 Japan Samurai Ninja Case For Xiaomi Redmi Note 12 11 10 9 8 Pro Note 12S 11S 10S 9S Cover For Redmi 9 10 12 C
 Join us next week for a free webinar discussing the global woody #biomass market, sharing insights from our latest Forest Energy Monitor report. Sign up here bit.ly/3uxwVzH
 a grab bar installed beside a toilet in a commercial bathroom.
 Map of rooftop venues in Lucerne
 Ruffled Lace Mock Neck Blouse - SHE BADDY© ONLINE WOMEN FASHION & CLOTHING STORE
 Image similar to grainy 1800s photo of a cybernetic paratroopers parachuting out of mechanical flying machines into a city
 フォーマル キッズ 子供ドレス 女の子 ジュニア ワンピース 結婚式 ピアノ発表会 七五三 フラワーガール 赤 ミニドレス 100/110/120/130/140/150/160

* * *

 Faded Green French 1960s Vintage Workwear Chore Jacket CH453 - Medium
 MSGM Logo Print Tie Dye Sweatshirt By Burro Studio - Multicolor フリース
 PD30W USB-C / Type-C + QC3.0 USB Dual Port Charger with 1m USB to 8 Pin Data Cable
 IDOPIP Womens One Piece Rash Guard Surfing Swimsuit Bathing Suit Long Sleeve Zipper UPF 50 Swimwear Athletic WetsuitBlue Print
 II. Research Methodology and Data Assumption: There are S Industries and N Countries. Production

---

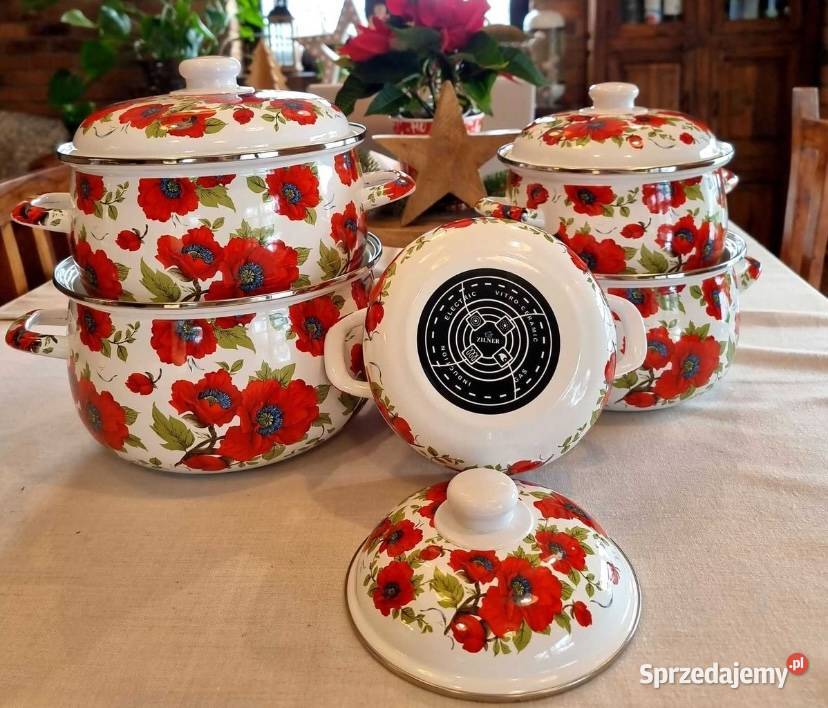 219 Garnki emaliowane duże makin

WHAT IS EXPECTED:
Give back exactly the lines of the listing above that run from the line with "Image similar to" to the line with "フォーマル キッズ 子供ドレス", inclusive.

ANSWER BOX:
 Image similar to grainy 1800s photo of a cybernetic paratroopers parachuting out of mechanical flying machines into a city
 フォーマル キッズ 子供ドレス 女の子 ジュニア ワンピース 結婚式 ピアノ発表会 七五三 フラワーガール 赤 ミニドレス 100/110/120/130/140/150/160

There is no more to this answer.